_TASK REQUIREMENTS:_
Exactly as written, output the lines below starting from the first and ending with the line that contains "TAS KITTY IMPOR"; omit pictures.

Start of DATASET CONTENT

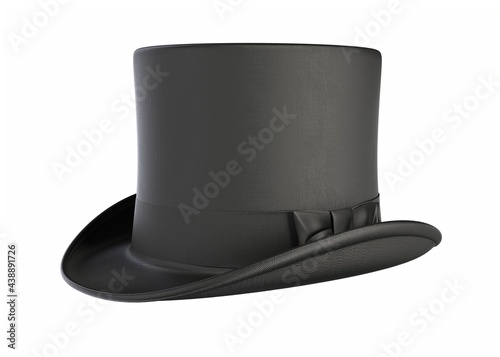 3D illustration of vintage black cylinder magic hat isolated on white
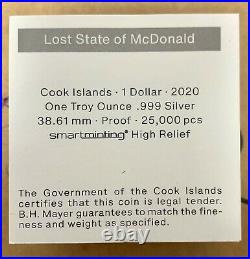 2020 Cook Islands $1 Lost States of America McDonald 1 oz 999 Silver Proof Coin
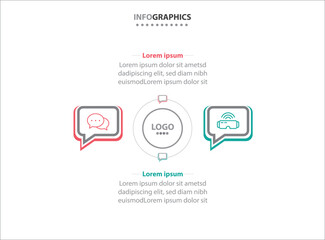Fototapeta premium Two infographics element. Vector illustration. Vector business template for presentation. Timeline with 2 option. Vector Infographic label design template with icons and 2 options or steps.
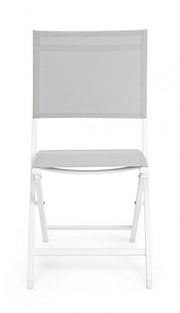 Outdoor chair in aluminum White Gray ELIN 47x57x h88 cm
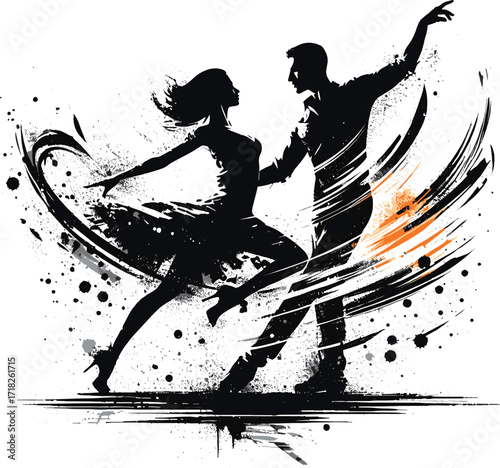 Silhouetted couple gracefully dances amid swirling black and orange strokes, creating energetic motion and artistic flair. This high-contrast composition conveys rhythm, passion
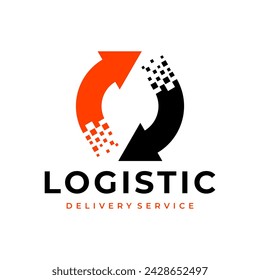 Transport logistic logo of express arrow moving forward for courier delivery or post mail shipping service. Vector isolated icon template for transportation and postal logistics company design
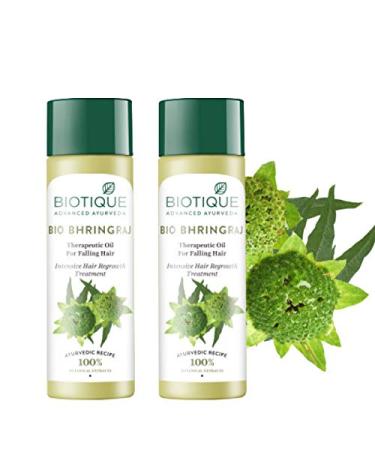 Biotique Bio Bhringraj Therapeutic Oil for Falling Hair - 120ml (Pack of 2) | International Shipping from India - Buy Online on GoSupps.com
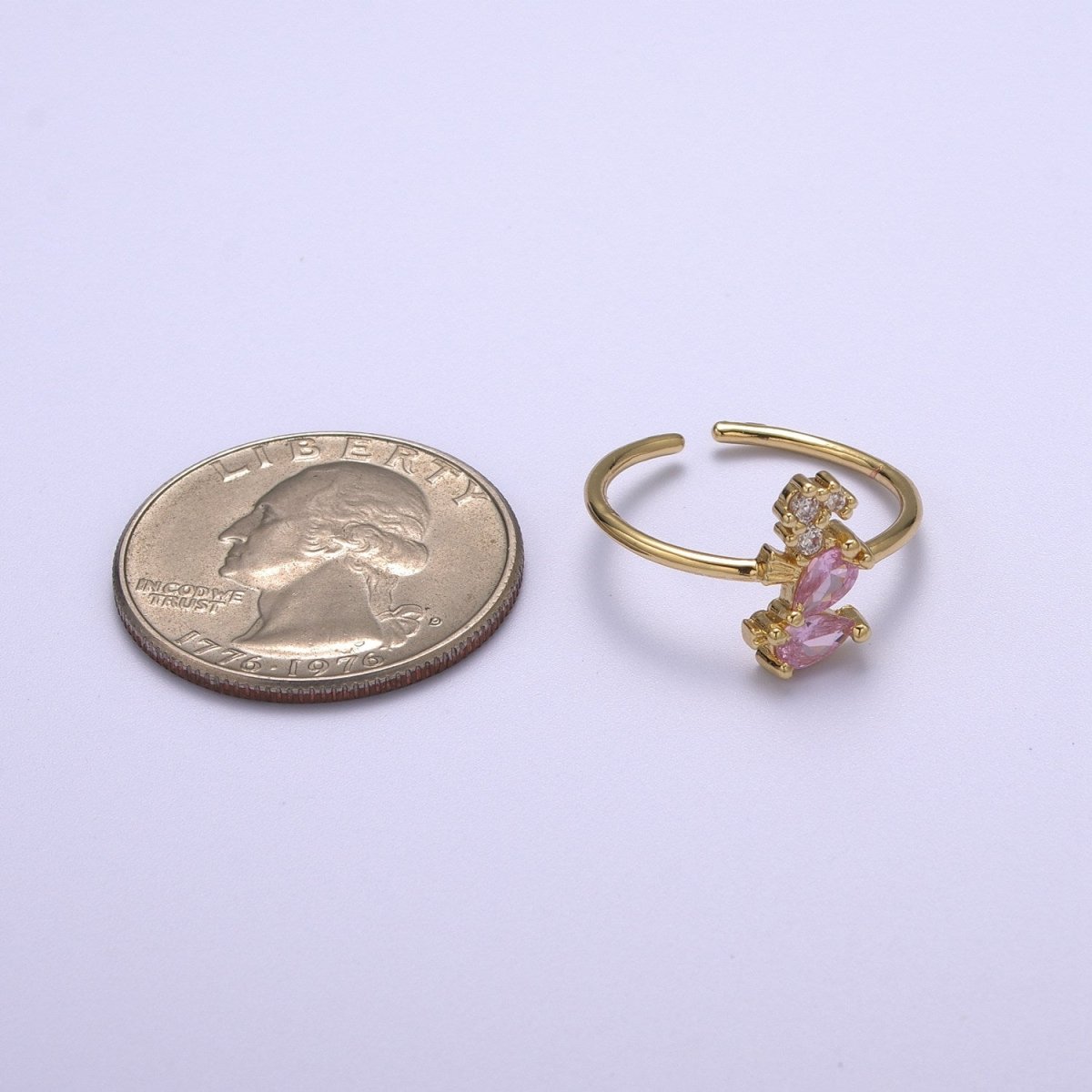 Dainty Gold Sea Horse ring, Gold Mini Animal Ring, Dainty Stackable Rings, Open Adjustable Ring CZ Under The Sea Inspired S-167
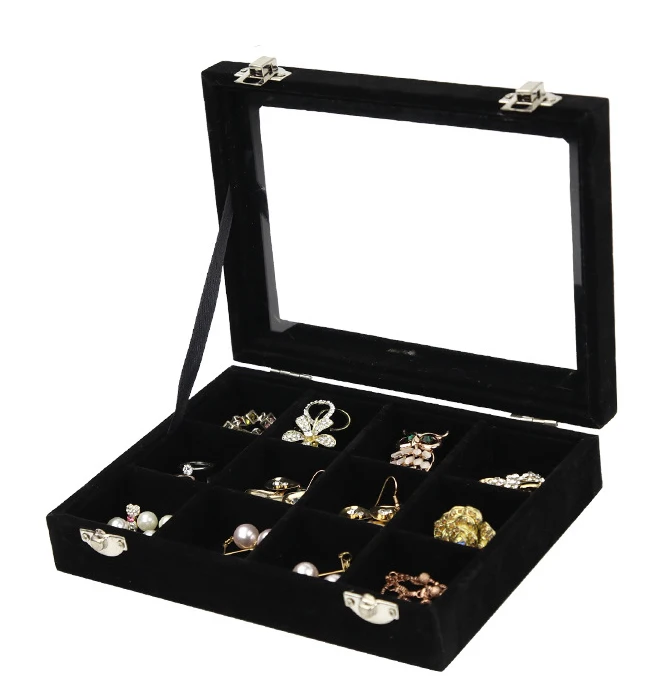 Черный/красный бархатный ящик для хранения с 12 отделениями женские аксессуары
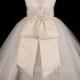 Ivory With Removable Sash With Many Colors To Choose  Party  Flower Girls Dress 12m 18m 2/2t 4/4t 5/6 7/8 9/10 11/12 F07IV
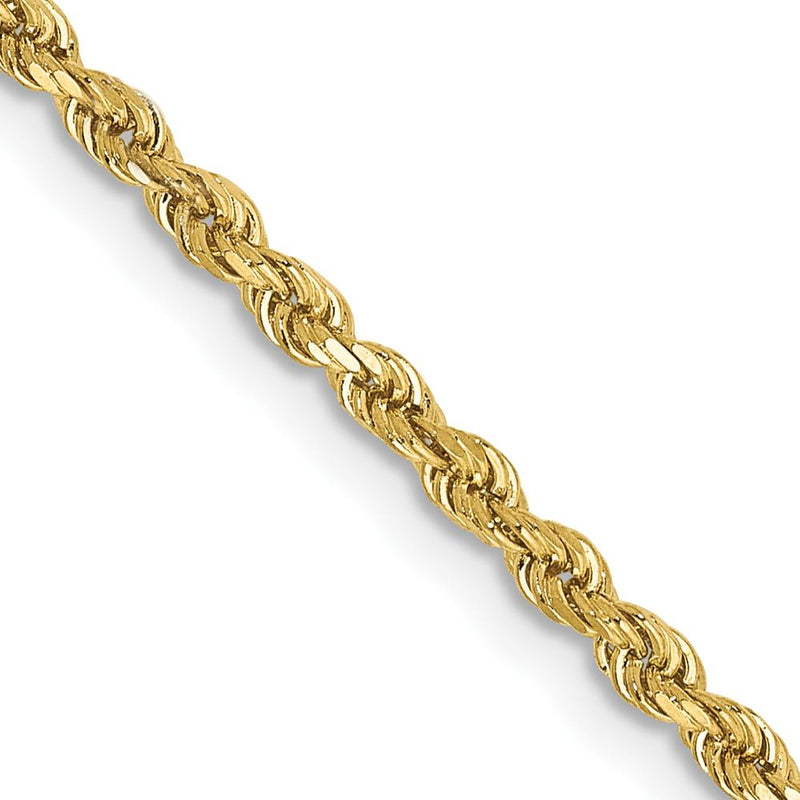 10K Yellow Gold 26" Diamond-Cut Rope Chain Necklace - 2mm Width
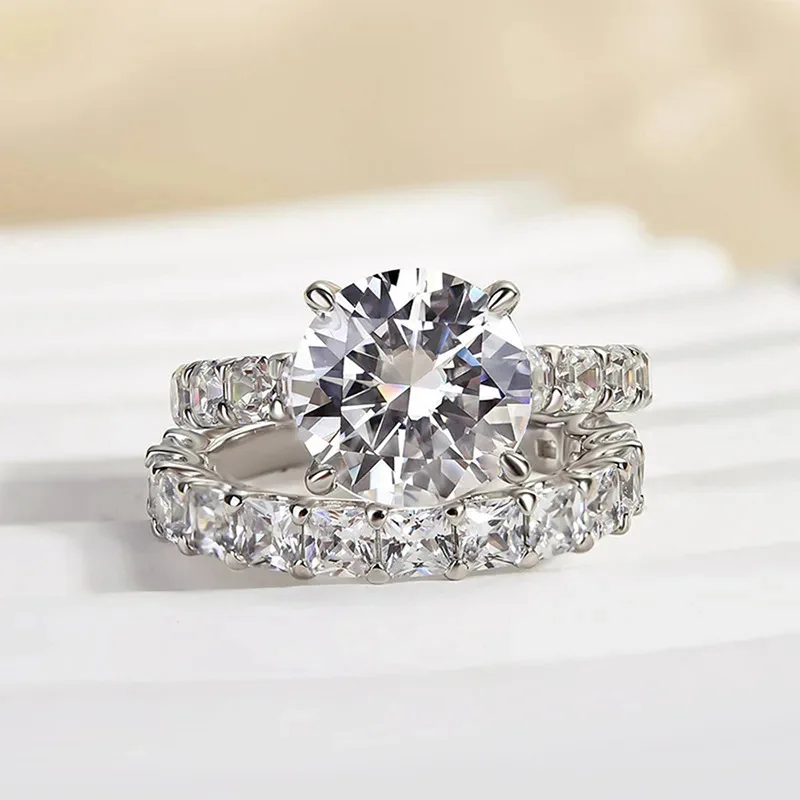 

Luxurious 5A Zircon Gorgeous Wedding Ring Set for Women Anniversary 2pcs 925 Sterling Silver Fashion Ring High Quality Jewelry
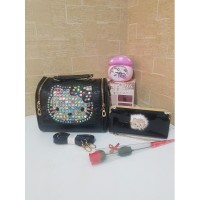 TAS KITTY IMPOR HITAM ELEGAN WANITA SELEMPANG JINJING 2 IN1 KOREA GAUL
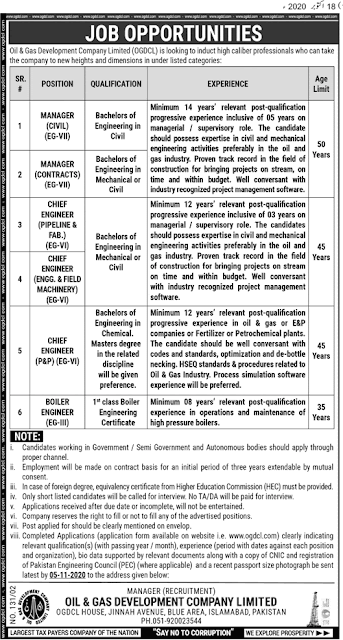 Oil & Gas Development Company Limited 2020 jobs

End of DATASET CONTENT

_ANSWER TO THIS PROBLEM:_
 3D illustration of vintage black cylinder magic hat isolated on white
 2020 Cook Islands $1 Lost States of America McDonald 1 oz 999 Silver Proof Coin
Fototapeta premium Two infographics element. Vector illustration. Vector business template for presentation. Timeline with 2 option. Vector Infographic label design template with icons and 2 options or steps.
 Outdoor chair in aluminum White Gray ELIN 47x57x h88 cm
 Silhouetted couple gracefully dances amid swirling black and orange strokes, creating energetic motion and artistic flair. This high-contrast composition conveys rhythm, passion
 Transport logistic logo of express arrow moving forward for courier delivery or post mail shipping service. Vector isolated icon template for transportation and postal logistics company design
 Biotique Bio Bhringraj Therapeutic Oil for Falling Hair - 120ml (Pack of 2) | International Shipping from India - Buy Online on GoSupps.com
 Dainty Gold Sea Horse ring, Gold Mini Animal Ring, Dainty Stackable Rings, Open Adjustable Ring CZ Under The Sea Inspired S-167
 Черный/красный бархатный ящик для хранения с 12 отделениями женские аксессуары
 Ivory With Removable Sash With Many Colors To Choose  Party  Flower Girls Dress 12m 18m 2/2t 4/4t 5/6 7/8 9/10 11/12 F07IV
 10K Yellow Gold 26" Diamond-Cut Rope Chain Necklace - 2mm Width

Luxurious 5A Zircon Gorgeous Wedding Ring Set for Women Anniversary 2pcs 925 Sterling Silver Fashion Ring High Quality Jewelry
 TAS KITTY IMPOR HITAM ELEGAN WANITA SELEMPANG JINJING 2 IN1 KOREA GAUL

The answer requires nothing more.